* Exercise brief *
Reproduce word for word the lines between those holding "Jacquard Table Cloth" and "Kayan Green Stone Earrings", inclusive, and nothing else from the data below.

--- --- ---

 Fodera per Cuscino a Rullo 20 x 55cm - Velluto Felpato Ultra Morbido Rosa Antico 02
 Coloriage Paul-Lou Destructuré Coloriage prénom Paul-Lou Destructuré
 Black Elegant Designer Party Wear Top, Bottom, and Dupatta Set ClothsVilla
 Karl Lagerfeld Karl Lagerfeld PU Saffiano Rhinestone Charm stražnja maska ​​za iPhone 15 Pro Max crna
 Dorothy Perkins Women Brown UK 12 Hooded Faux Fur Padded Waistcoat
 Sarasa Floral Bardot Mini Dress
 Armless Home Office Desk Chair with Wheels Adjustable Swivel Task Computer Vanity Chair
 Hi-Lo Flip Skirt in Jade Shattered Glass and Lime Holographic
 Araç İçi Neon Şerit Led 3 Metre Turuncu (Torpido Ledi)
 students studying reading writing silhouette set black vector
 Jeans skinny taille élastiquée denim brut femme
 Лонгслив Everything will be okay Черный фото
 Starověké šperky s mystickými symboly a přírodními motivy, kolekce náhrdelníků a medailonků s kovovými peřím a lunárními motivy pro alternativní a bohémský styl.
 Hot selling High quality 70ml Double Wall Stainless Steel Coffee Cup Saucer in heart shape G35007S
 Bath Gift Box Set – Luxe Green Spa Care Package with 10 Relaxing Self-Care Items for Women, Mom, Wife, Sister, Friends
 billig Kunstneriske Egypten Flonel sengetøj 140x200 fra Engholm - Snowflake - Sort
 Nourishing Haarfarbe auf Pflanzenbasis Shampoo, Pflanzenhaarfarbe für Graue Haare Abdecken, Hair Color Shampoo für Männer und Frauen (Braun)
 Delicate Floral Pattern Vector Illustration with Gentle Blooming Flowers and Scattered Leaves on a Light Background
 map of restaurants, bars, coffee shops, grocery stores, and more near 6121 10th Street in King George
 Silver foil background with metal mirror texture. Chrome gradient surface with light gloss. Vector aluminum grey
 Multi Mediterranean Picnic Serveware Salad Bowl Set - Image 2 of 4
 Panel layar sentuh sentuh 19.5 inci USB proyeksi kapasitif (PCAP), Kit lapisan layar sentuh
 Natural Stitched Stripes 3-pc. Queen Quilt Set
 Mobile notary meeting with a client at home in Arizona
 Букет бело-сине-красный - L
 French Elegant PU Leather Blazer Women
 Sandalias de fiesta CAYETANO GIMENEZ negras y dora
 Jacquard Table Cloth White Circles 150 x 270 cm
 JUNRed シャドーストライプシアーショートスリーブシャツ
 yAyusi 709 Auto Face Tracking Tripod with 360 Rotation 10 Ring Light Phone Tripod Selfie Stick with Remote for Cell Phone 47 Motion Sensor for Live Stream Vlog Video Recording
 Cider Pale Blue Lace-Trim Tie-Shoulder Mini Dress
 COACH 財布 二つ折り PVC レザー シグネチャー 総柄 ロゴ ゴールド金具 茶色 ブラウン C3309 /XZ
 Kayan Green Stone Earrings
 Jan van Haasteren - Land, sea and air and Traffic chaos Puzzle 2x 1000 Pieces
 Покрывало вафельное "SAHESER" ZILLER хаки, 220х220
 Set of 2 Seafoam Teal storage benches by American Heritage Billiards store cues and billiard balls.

--- --- ---

* Response to this task *
 Jacquard Table Cloth White Circles 150 x 270 cm
 JUNRed シャドーストライプシアーショートスリーブシャツ
 yAyusi 709 Auto Face Tracking Tripod with 360 Rotation 10 Ring Light Phone Tripod Selfie Stick with Remote for Cell Phone 47 Motion Sensor for Live Stream Vlog Video Recording
 Cider Pale Blue Lace-Trim Tie-Shoulder Mini Dress
 COACH 財布 二つ折り PVC レザー シグネチャー 総柄 ロゴ ゴールド金具 茶色 ブラウン C3309 /XZ
 Kayan Green Stone Earrings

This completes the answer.